Dit huis, toegewijd aan werk en overleg ten dienste van de vrede, moet één ruimte hebben, toegewijd aan stilte in de uiterlijke zin en stilheid in de innerlijke zin. Het is de bedoeling in deze kleine ruimte een plek te creëren waar de deuren open kunnen staan naar de oneindige landen van gedachten en gebed. (4)

Voor Dag Hammarskjöld is de dood een spiegel voor onze geestelijke reis waarin sterven de poort is naar ons leven in God.

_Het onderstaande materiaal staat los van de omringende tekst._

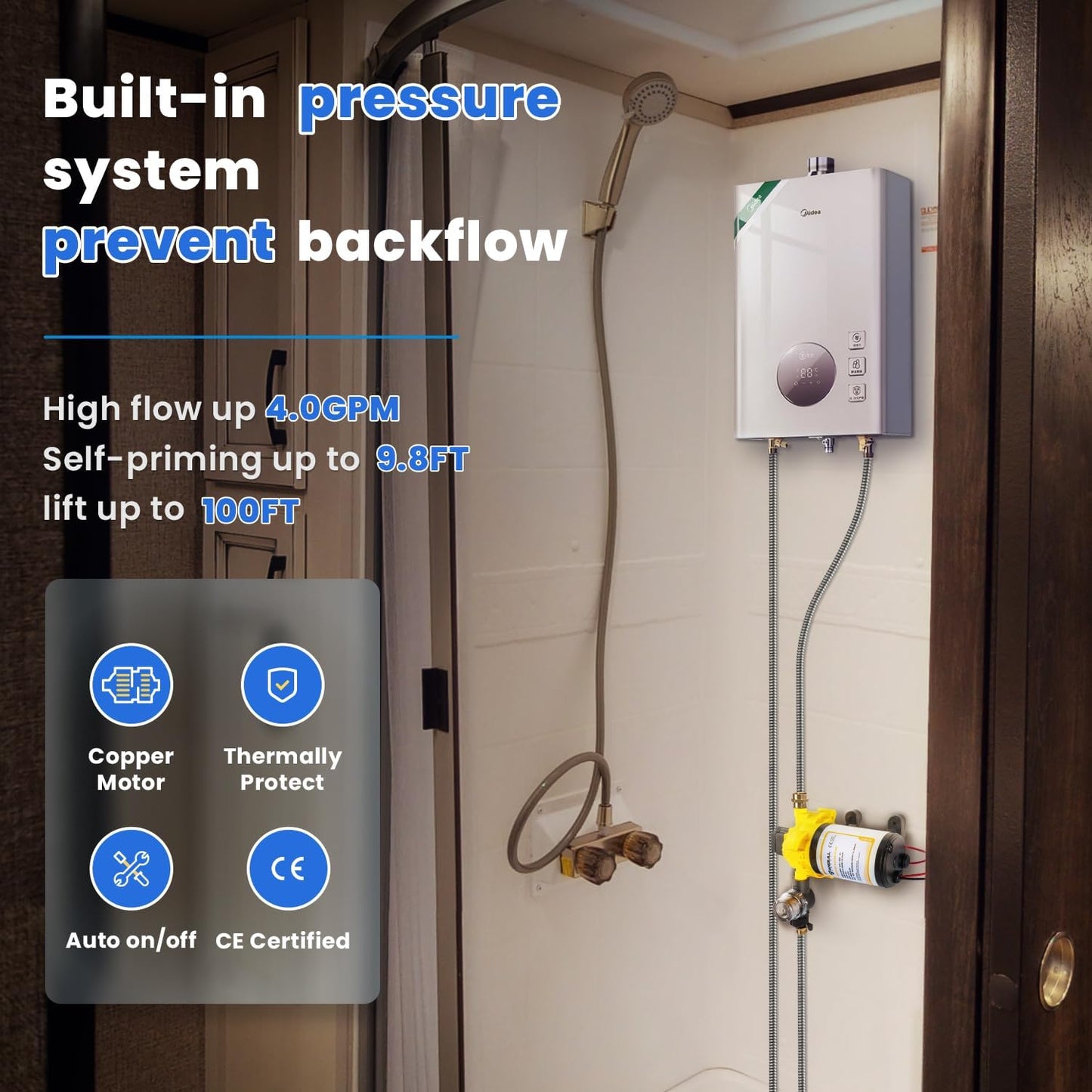 Anbull 12V RV Water Transfer Pump, 4.0GPM/50PSI Fresh Water Pressure Diaphragm Pump, Self-priming Water Pump for Marine Camper Yacht Lawn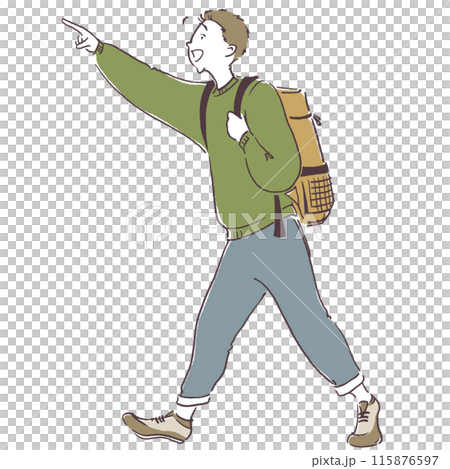 リュックを持って歩きながら指をさす男性のシンプル手描きイラスト 115876597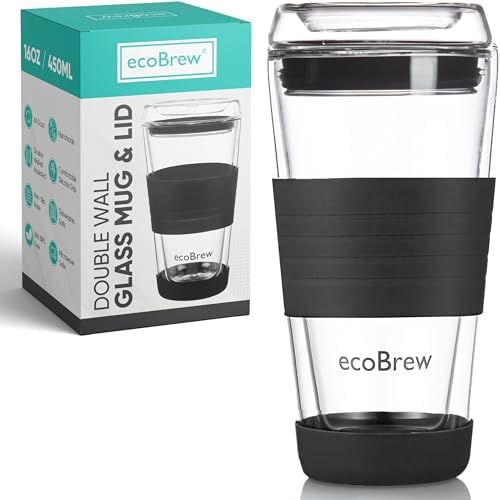 16oz Double Wall All Glass Tumbler with Lid, Glass Travel Mug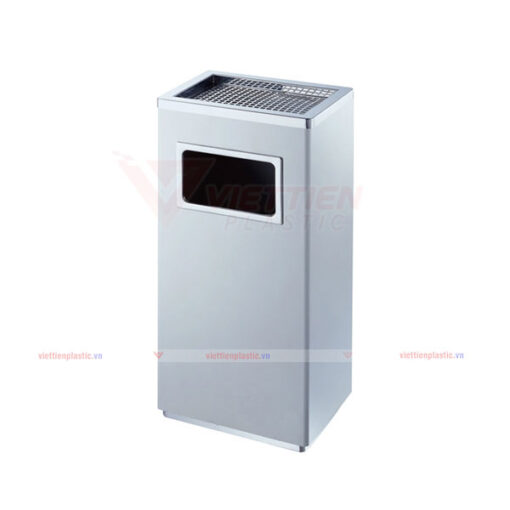 thùng rác inox vuông gạt tàn lớn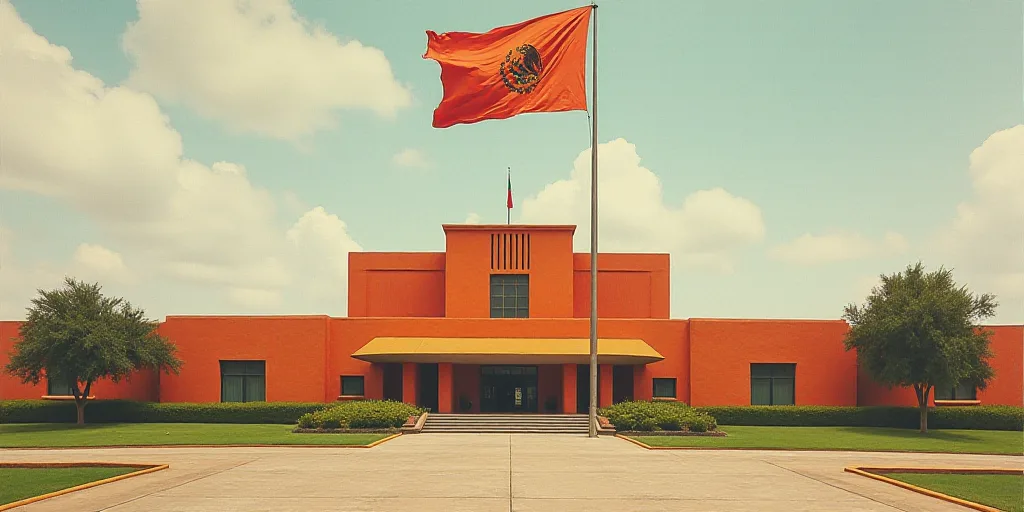 a large building with a flag flying in front of it and a flag pole in the middle of the building, Da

Alan Levine
(beeld PxHere)

Uiteindelijke eenzaamheid van iedere mens

Hoewel stilte een aangename afwisseling kan vormen met ons drukke bestaan, zijn we er gelijktijdig ook bang voor. Het moet niet te lang duren. Dan begint het saai te worden of zelfs ongemakkelijk. We worden er onrustig van en beginnen onze sociale contacten te missen. Wanneer we onder de mensen zijn, hebben we tenminste nog het gevoel dat we leven. Daarom willen we toch weer snel terug naar die haast die ons verhindert werkelijk bij onszelf naar binnen te gaan. De stilte herinnert ons aan de uiteindelijke eenzaamheid van iedere mens. Eenzaamheid is geen dodelijke ziekte, schrijft Dag Hammarskjöld in een aantekening van 1952: ‘Nee, maar wordt zij niet door de dood pas overwonnen? En wordt zij niet moeilijker te dragen naarmate we die dichter naderen?’ (5)

‘We zitten zo opgesloten in eigen perspectief, dat we blind blijven voor de goddelijke grond van ons bestaan’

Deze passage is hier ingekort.